# What are the best systematic/Biblical Theology books by credobaptist authors ?



## Mayflower (Jun 17, 2006)

What are the best systematic/Biblical Theology books by credobaptist authors ?


----------



## Puritanhead (Jun 17, 2006)

Good question. One I'm ill-equipped to answer.


----------



## SolaScriptura (Jun 17, 2006)

Manual of Theology - Dagg 

Systematic Theology - Grudem

I realize that the if-he-says-something-wrong-I'll-just-throw-out-the-whole-book folks here don't like Grudem because of his position on signs gifts, particularly his notion of "non-revelatory prophesy," and I agree that he's wrong (even though he has an argument that many, many people find compelling), but I will say this about Grudem's work: I believe it is THE BEST written systematic theology in the English language. It is amazingly clear and helpful. (I am especially appreciative of his helpful charts/graphs that help illustrate certain concepts, like progressive sanctification.) Furthermore, each chapter includes references to corresponding sections in most other systematic works. In short, aside from his section on the signs gifts, I whole heartedly recommend his work above all others (yes, even above Calvin or Turretin).


----------



## Mayflower (Jun 17, 2006)

Anyone familiar with :

- J.P Boyce : Abstract of Systematic Theology ?

- Millard Erickson : Christian Theology ?

Or maybe other works ?


----------



## SolaScriptura (Jun 17, 2006)

Boyce is good... sorry, I forgot to mention him.

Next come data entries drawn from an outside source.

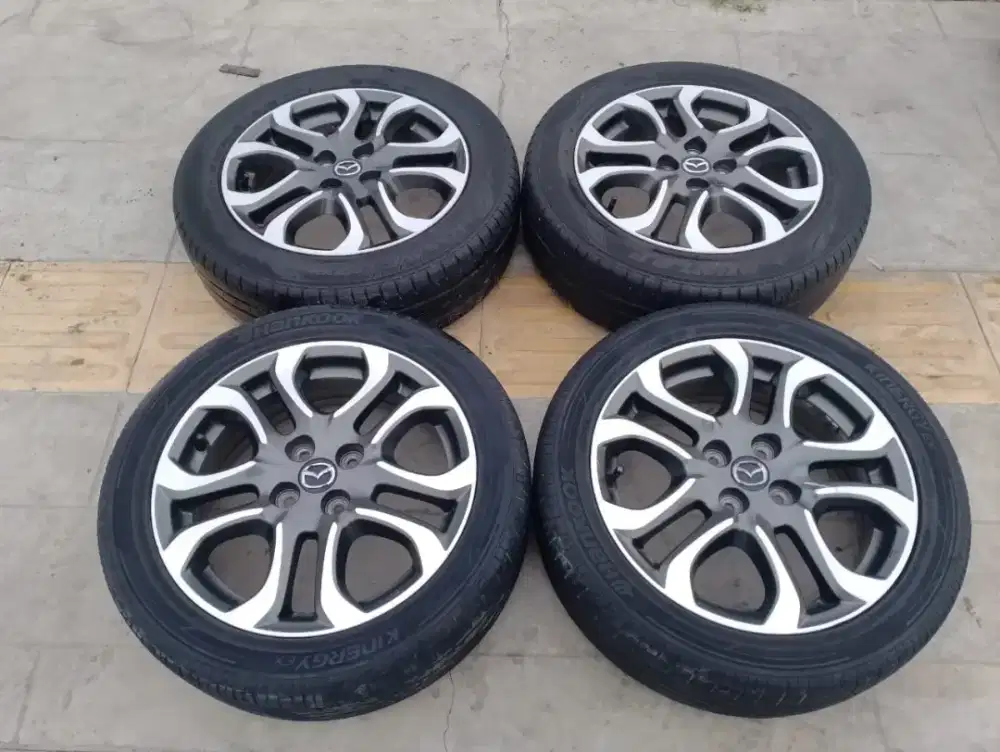 Oem mazda 2 ring 16 pcd 4x100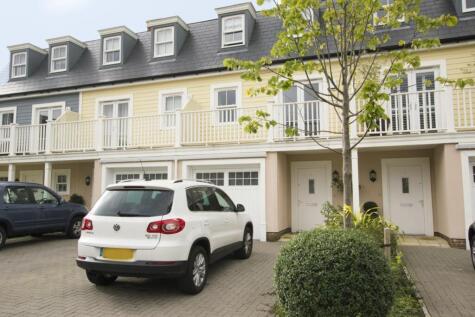 Westmount Close, Worcester Park, KT4
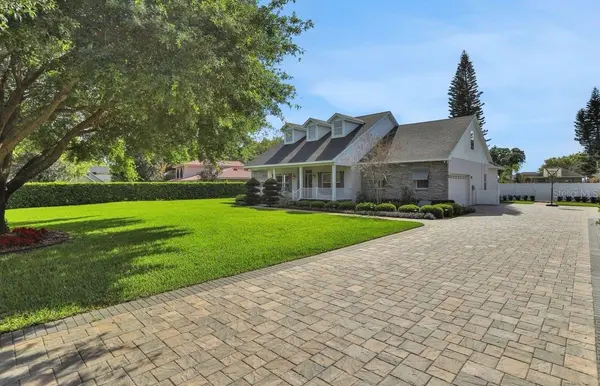3831 GAINES DR, Winter Haven, FL 33884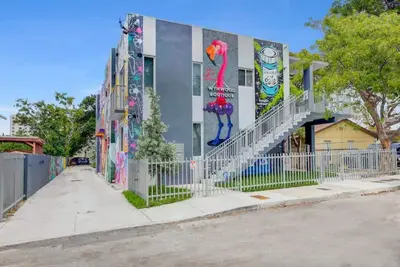Image de Boutique Bldg 7br\/12ba - in Wynwood near Mia Beach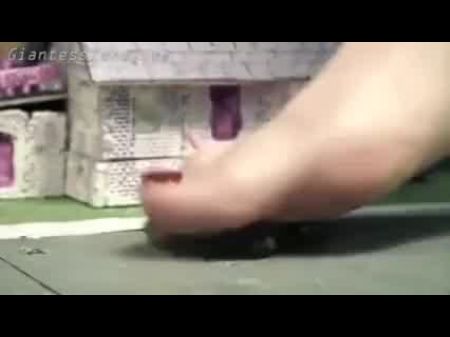 giantess small man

I'd not bother wasting my time on Erickson: I think his text is pretty lame. Well, he's good to have if you want to have a resource that presents standard evangelical, "4-point" Calvinist, credobaptist theology, but he doesn't say anything that Grudem says better.


----------



## py3ak (Jun 17, 2006)

John Gill has _A Complete Body of Doctrinal and Practical Divinity_


----------



## Puritan Sailor (Jun 17, 2006)

> _Originally posted by py3ak_
> John Gill has _A Complete Body of Doctrinal and Practical Divinity_



And _ The Cause of God and Truth _


----------



## Pilgrim (Jun 17, 2006)

A.H. Strong Systematic Theology is another good one.


----------



## Hungus (Jun 18, 2006)

> _Originally posted by Pilgrim_
> A.H. Strong Systematic Theology is another good one.



Soteriologically Augustus Strong is what? Amyraldian? And his eschatology is strange too being a mix of pre and post mil. Good read though.


----------